That's because the exam they originally took on June 11th reportedly fell off the back of a truck.
It happened at Chelsea's Career and Technical Education High School on Sixth Avenue.
As you can imagine, students and parents are not happy.
"Here it is August 13th, it's pouring down rain and they came because they realize how important it is for their future," said teacher Jan Scott. "This is my 29th year of teaching and this has never happened."
Jan says she still's not sure what to believe, and others are in the same boat.
Kids who would have been working at their summer jobs instead spent 3 hours retaking their English Regents Exam.
Student Freddy Rayas says his bosses weren't pleased.
"Despite talking to them and saying it's a school thing and not my fault, I'm not getting paid for today," said Rayas.
Back in the spring, students and their parents got a letter from the Department of Education saying "Your child's exam cannot be located at this time."
McGraw-Hill, which is in the first of a new 3 year $9.6 million contract with the city, was in charge of grading and keeping track of boxes of test booklets that, well, disappeared.

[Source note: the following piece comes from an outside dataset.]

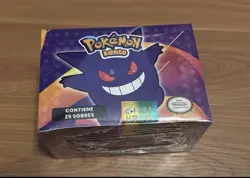 Pokemon Full House Cards Sealed Gengar Box 25 Packs - Image 1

"They fell off a truck, now how true that is I don't know," said Scott.
Gone, lost and so these kids had to actually come back to school at the beginning of this month to prep and then take the exam.
"It's difficult to have to come and retake the test, it's over and have to study in a week, as to a year we had," said student Rosy Espinel.
Something these kids hope colleges and universities take into account next year.
"We're talking about their future," said Scott. "I think what I'm really upset about is no one from the DOE, the chancellor, he did not come and speak to them, tell them, sorry about the error but you'll be ok."